[DATA EXTRACT — start]

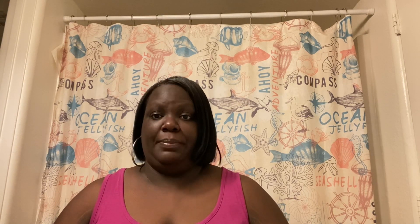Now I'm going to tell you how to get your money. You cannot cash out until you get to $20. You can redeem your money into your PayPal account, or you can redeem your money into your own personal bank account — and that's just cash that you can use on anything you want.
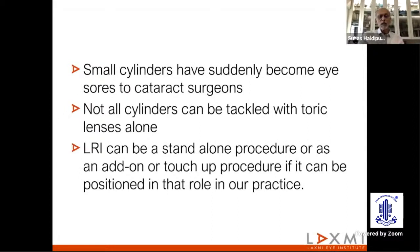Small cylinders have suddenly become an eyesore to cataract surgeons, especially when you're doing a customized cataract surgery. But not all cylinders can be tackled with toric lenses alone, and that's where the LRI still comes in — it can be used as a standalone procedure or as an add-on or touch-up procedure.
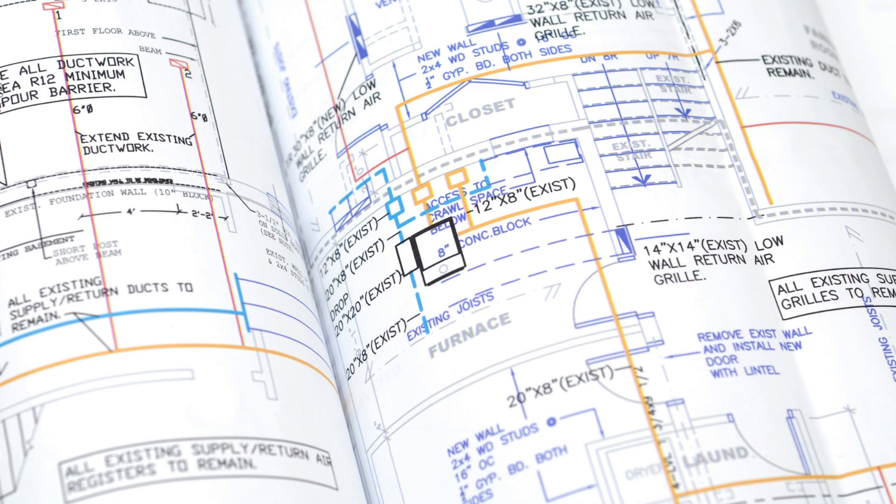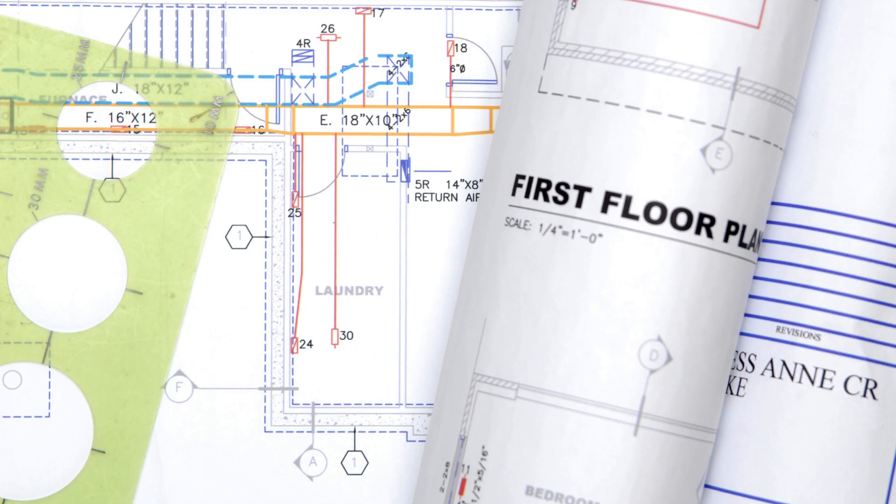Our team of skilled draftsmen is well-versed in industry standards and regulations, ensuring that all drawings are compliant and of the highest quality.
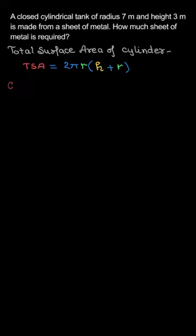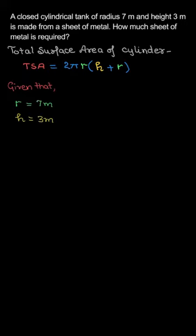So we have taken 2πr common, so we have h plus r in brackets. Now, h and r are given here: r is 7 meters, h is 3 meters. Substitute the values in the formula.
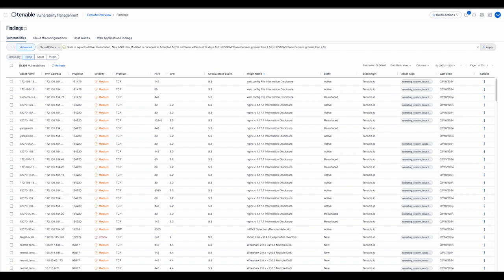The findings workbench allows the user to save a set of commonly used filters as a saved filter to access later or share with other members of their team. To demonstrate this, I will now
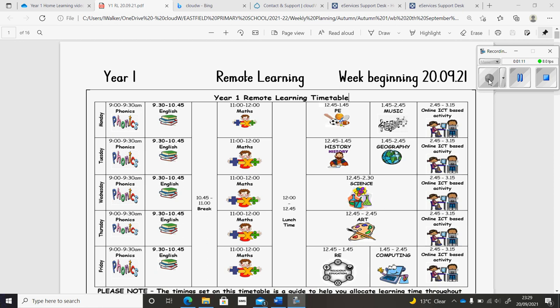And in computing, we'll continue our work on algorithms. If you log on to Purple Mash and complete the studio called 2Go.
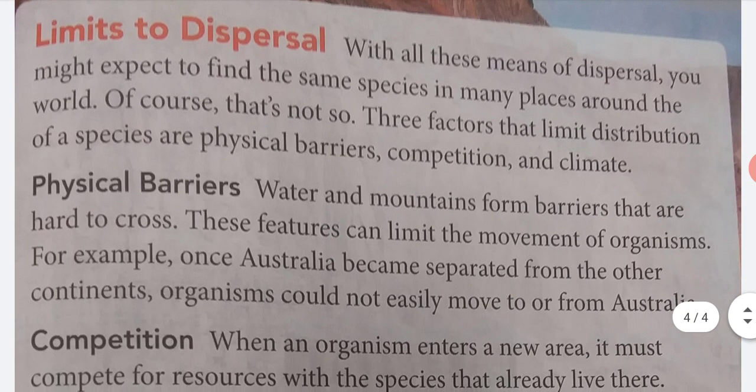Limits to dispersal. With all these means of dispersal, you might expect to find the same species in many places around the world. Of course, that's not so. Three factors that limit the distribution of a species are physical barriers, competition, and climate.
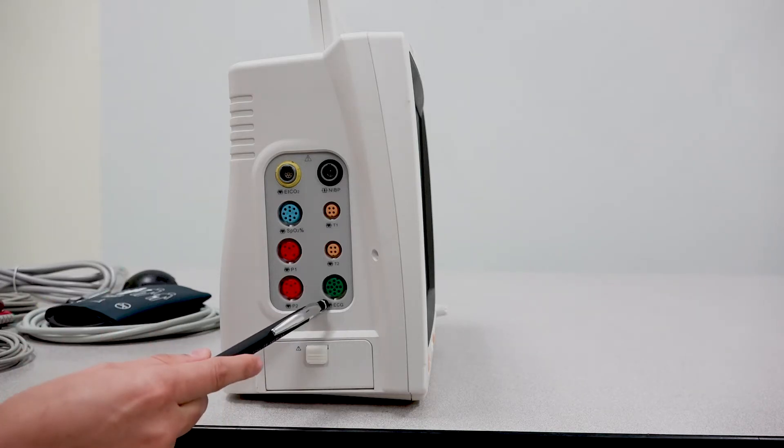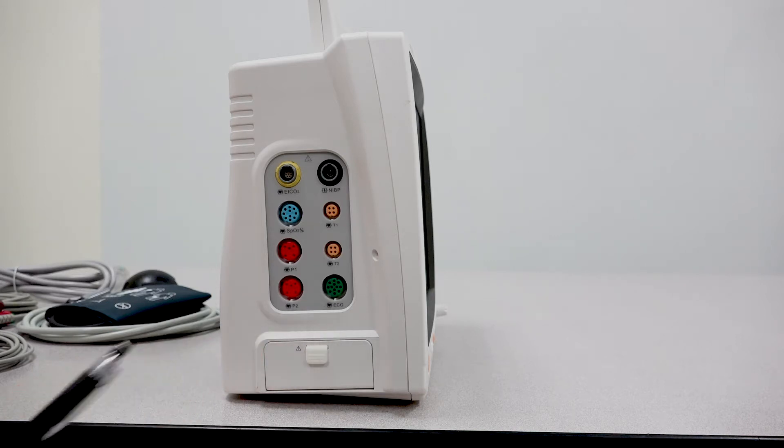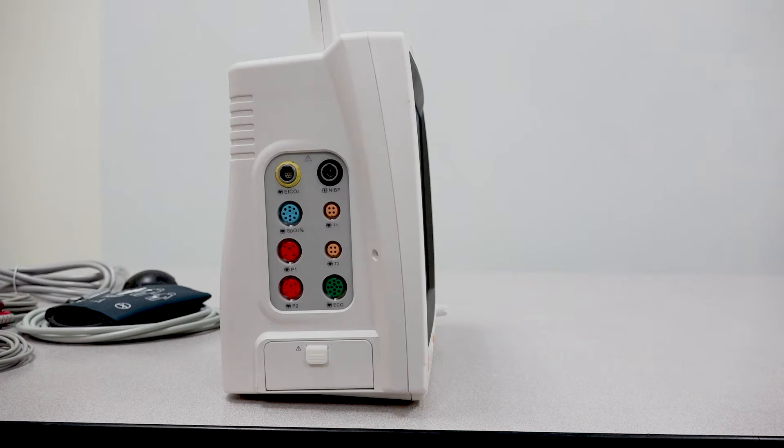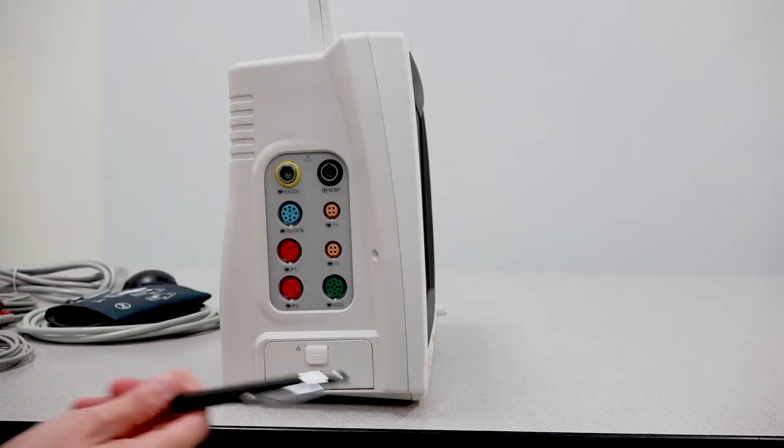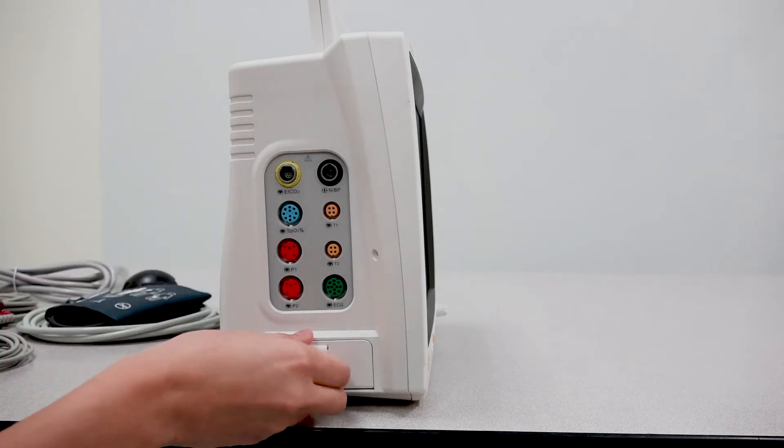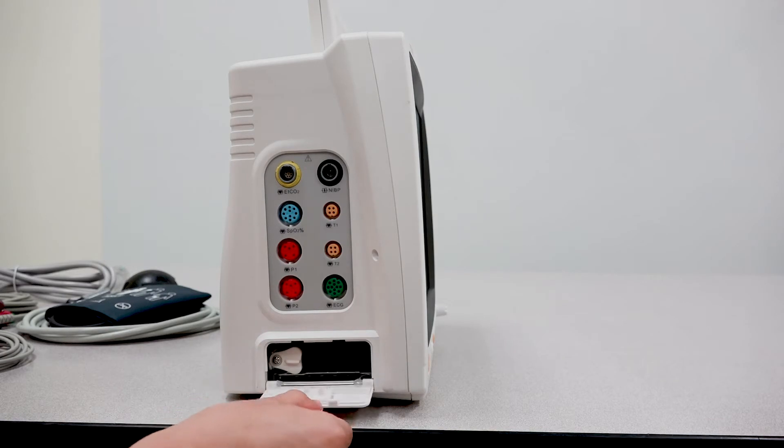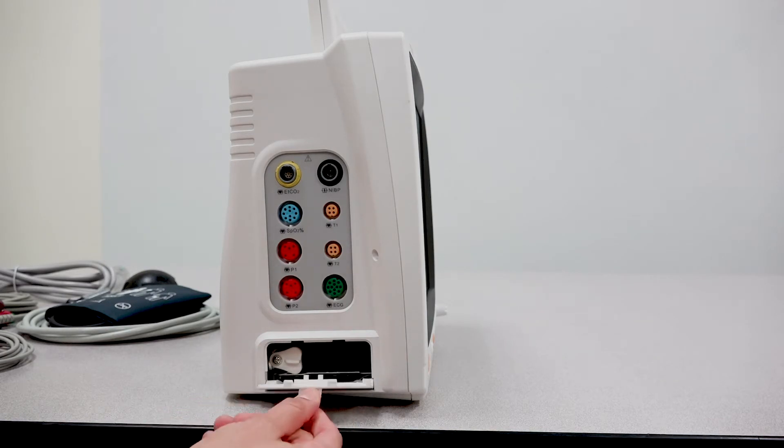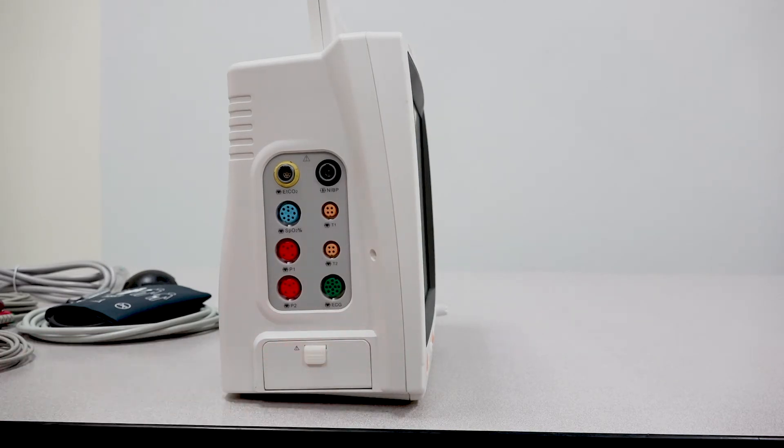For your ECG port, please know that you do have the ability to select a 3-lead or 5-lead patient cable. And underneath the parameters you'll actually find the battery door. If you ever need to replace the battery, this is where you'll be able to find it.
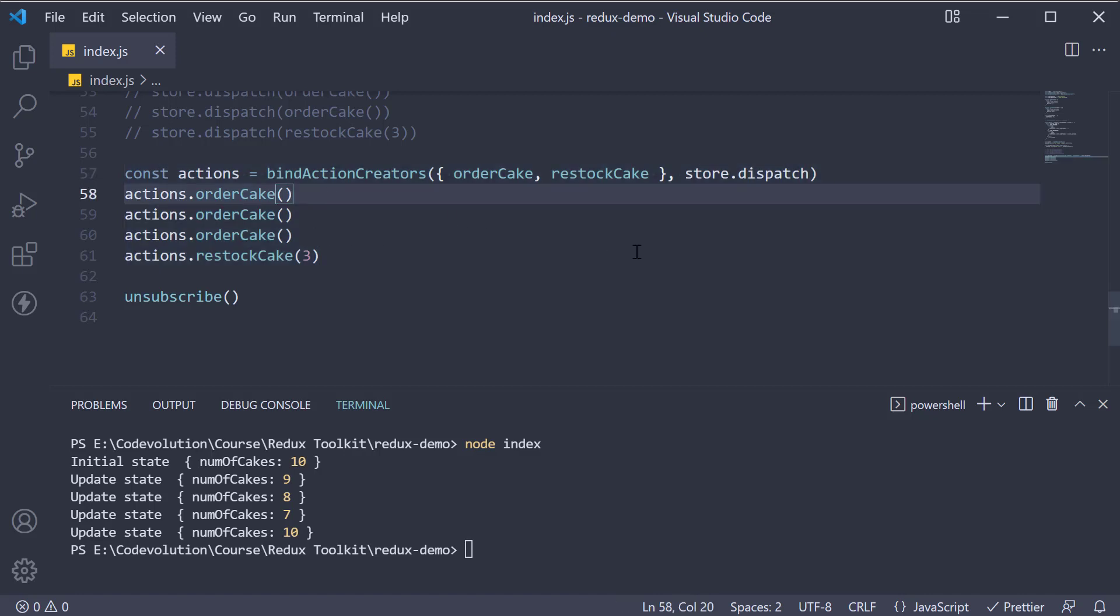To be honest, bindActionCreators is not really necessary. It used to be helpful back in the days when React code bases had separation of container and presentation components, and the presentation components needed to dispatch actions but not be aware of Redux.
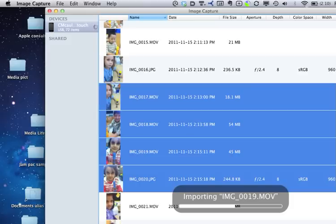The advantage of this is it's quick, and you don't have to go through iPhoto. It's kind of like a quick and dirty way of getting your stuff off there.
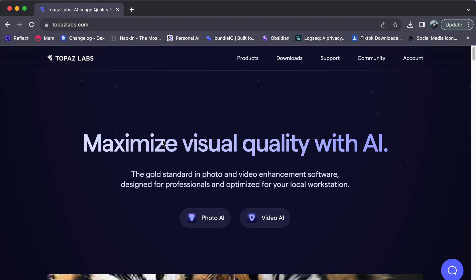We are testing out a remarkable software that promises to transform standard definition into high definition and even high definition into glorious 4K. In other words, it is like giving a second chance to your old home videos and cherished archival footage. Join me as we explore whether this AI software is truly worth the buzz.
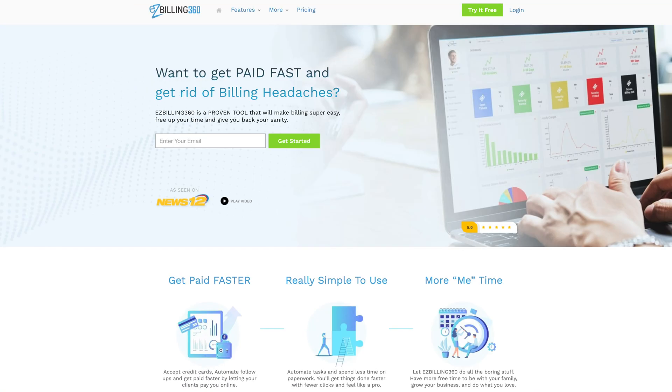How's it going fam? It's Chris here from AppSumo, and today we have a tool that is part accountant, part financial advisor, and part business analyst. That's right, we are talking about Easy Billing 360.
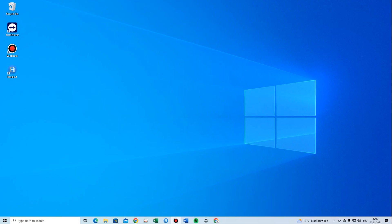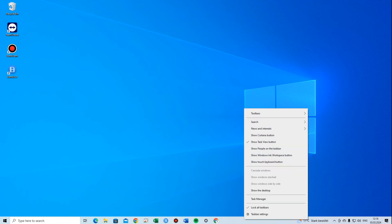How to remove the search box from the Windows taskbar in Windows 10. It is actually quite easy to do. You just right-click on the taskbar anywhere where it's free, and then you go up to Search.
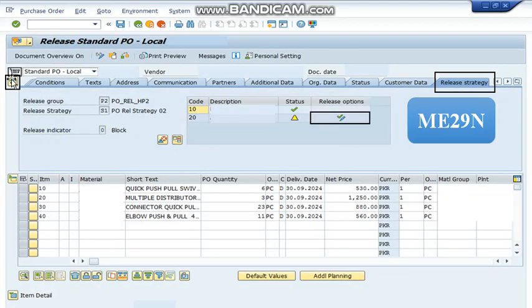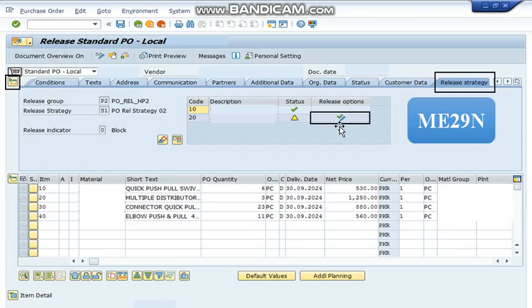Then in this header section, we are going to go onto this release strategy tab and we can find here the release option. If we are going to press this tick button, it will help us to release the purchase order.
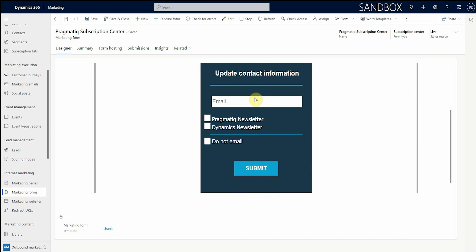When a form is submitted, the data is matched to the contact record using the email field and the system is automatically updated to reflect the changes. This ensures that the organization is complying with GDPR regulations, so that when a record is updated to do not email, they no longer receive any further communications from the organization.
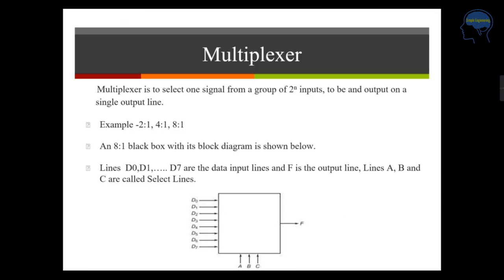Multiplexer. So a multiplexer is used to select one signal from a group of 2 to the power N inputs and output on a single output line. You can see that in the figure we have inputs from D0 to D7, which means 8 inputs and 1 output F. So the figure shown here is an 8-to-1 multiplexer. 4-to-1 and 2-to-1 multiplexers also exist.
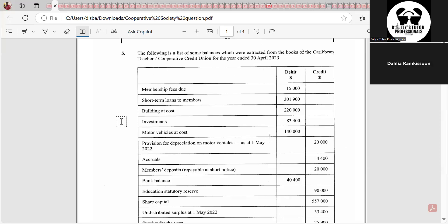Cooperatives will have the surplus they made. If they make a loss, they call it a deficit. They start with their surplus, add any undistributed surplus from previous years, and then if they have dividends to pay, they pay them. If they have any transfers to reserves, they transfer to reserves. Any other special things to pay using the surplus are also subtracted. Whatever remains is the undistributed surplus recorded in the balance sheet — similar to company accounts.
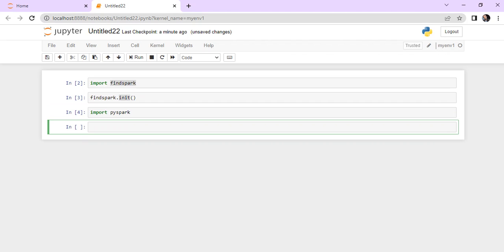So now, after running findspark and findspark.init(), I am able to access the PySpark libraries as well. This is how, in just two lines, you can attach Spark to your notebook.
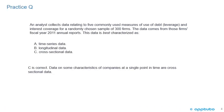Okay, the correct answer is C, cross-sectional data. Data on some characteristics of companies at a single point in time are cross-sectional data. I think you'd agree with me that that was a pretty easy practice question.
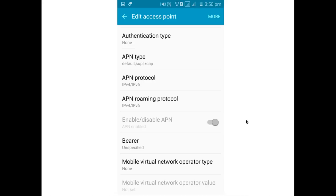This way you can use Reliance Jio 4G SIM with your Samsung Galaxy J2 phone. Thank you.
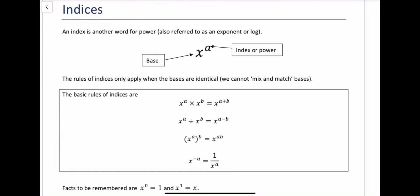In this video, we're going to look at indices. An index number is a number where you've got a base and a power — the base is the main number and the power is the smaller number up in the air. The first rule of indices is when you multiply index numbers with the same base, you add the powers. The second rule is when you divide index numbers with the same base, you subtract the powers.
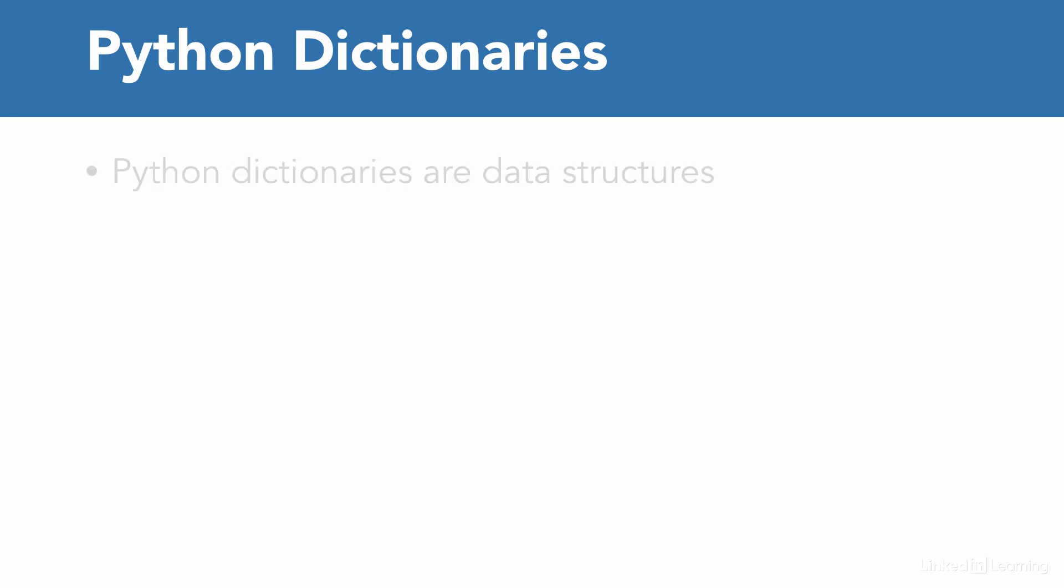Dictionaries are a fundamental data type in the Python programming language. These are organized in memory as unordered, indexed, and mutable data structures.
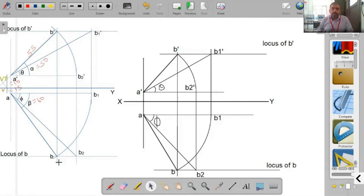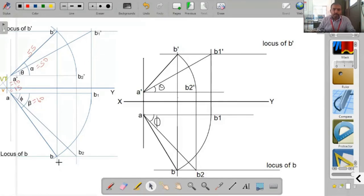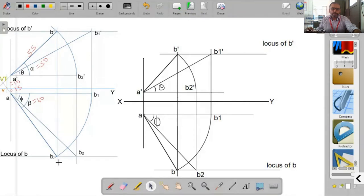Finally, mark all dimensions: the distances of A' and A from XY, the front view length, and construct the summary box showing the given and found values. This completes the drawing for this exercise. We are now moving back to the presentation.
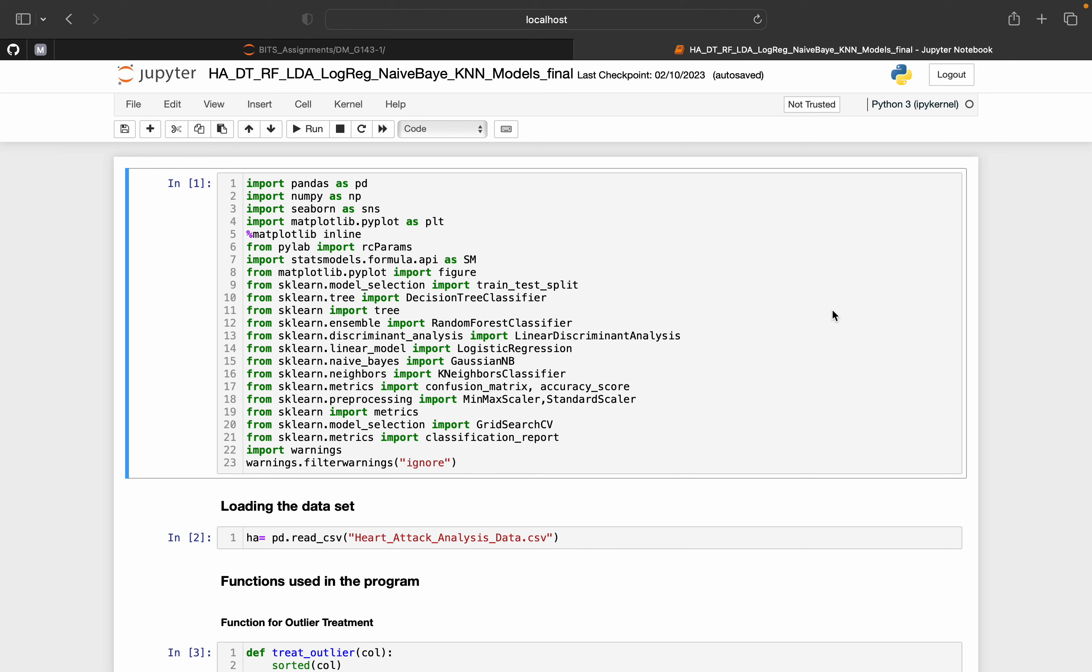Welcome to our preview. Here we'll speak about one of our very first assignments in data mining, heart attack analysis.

[DATA EXTRACT — finish]

Only one stretch of the data is wanted: write out exactly the lines from the one holding "When a form" through the one holding "This way you", both included, without the pictures.

When a form is submitted, the data is matched to the contact record using the email field and the system is automatically updated to reflect the changes. This ensures that the organization is complying with GDPR regulations, so that when a record is updated to do not email, they no longer receive any further communications from the organization.
Multiplexer. So a multiplexer is used to select one signal from a group of 2 to the power N inputs and output on a single output line. You can see that in the figure we have inputs from D0 to D7, which means 8 inputs and 1 output F. So the figure shown here is an 8-to-1 multiplexer. 4-to-1 and 2-to-1 multiplexers also exist.
Cooperatives will have the surplus they made. If they make a loss, they call it a deficit. They start with their surplus, add any undistributed surplus from previous years, and then if they have dividends to pay, they pay them. If they have any transfers to reserves, they transfer to reserves. Any other special things to pay using the surplus are also subtracted. Whatever remains is the undistributed surplus recorded in the balance sheet — similar to company accounts.
So now, after running findspark and findspark.init(), I am able to access the PySpark libraries as well. This is how, in just two lines, you can attach Spark to your notebook.
Okay, the correct answer is C, cross-sectional data. Data on some characteristics of companies at a single point in time are cross-sectional data. I think you'd agree with me that that was a pretty easy practice question.
This way you can use Reliance Jio 4G SIM with your Samsung Galaxy J2 phone. Thank you.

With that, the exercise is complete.